What do you mean by work better here? If it's for better accuracy then no they are not better at the same weight dimensions.

The big thing is that sparse models allow you to train models with significantly larger dimensionality, blowing up the dimensions several orders of magnitudes. More dimensions leading to better results does not seem to be under a lot of contention, the open questions are more about quantifying that. It's simply not shown experimentally because the hardware is not there to train it.

The big thing is that sparse models allow you to train models with significantly larger dimensionality, blowing up the dimensions several orders of magnitudes.

Do you have any evidence to support this statement? Or are you imagining some not yet invented algorithms running on some not yet invented hardware?

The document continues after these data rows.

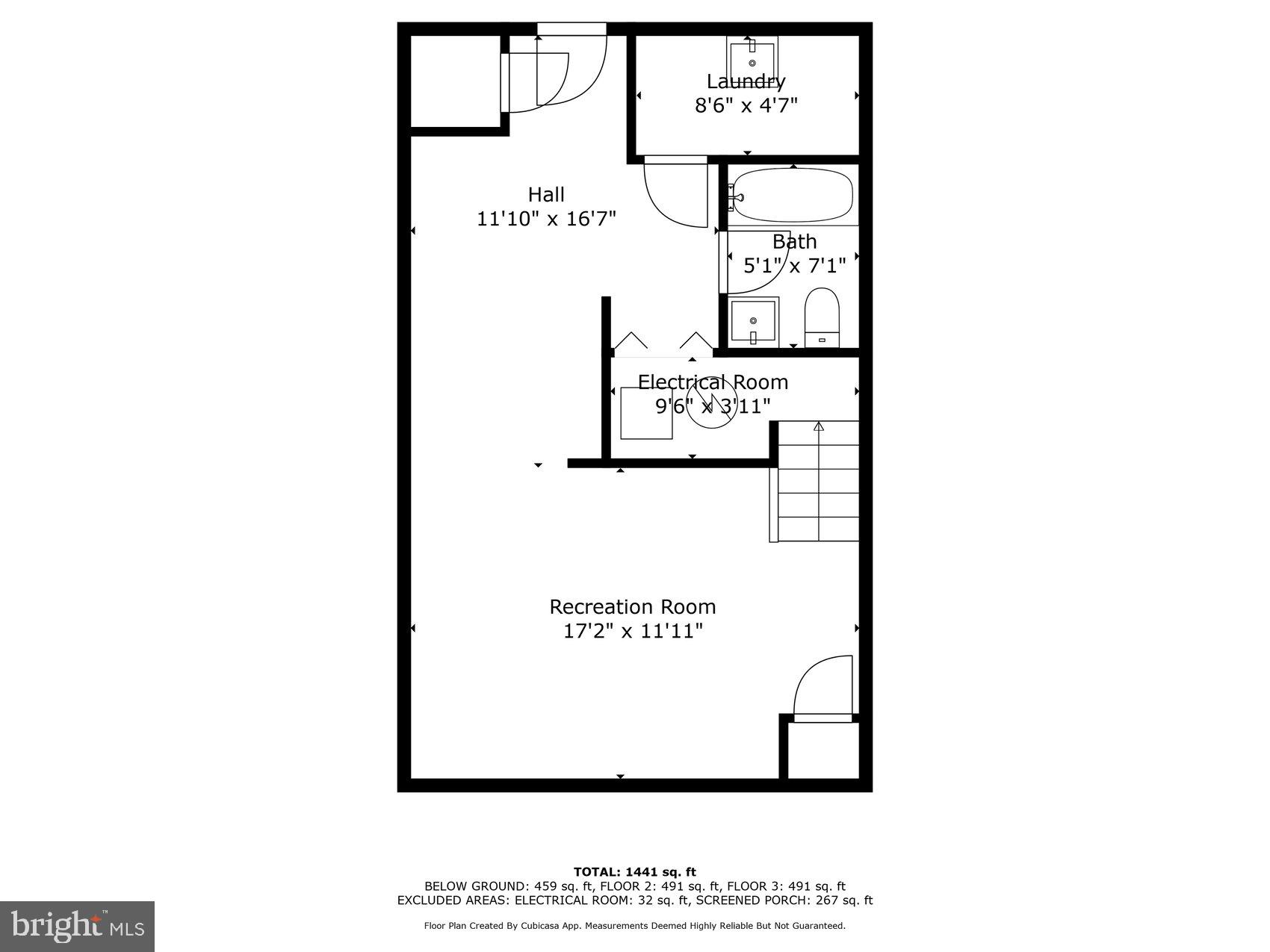 RIVERWOOD PARK - Residential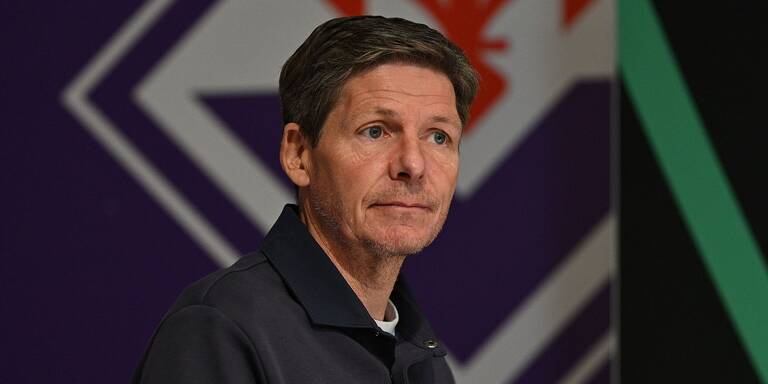 Halbfinale! Glasner jagt nächstes Europacup-Wunder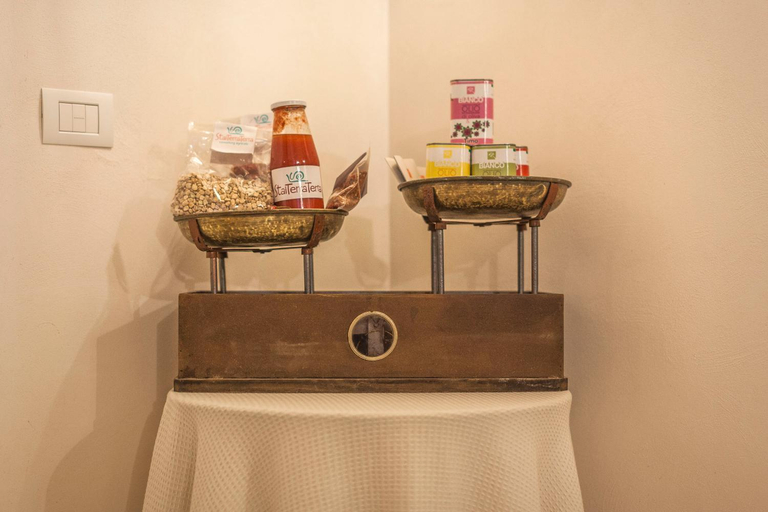 Food & Drinks 5, La Luna In Cortile, Lecce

  • Sparse matrices can increase in dimension while keeping the same number of non-zeroes, that part is self evident. Sparse weights models can be trained, you probably are already aware of RigL and SRigL, there is similar other related work on unstructured and structured sparse training. You could argue that those adapt their algorithm to be executable on GPUs and that none are training at x100 or x1000 dimensions. Yes, that is the part that requires access to sparse compute hardware acceleration, which exists as prototypes [1] or are extremely expensive (Cerebras).

    [1] https://dl.acm.org/doi/10.1109/MM.2023.3295848

    • Unstructured sparsity cannot be implemented in hardware efficiently if you still want to do matrix multiplication. If you don’t want to do matrix multiplication you first need to come up with new algorithms, tested in software. This reminds me of what Numenta tried to do with their SDRs - note they didn’t quite succeed.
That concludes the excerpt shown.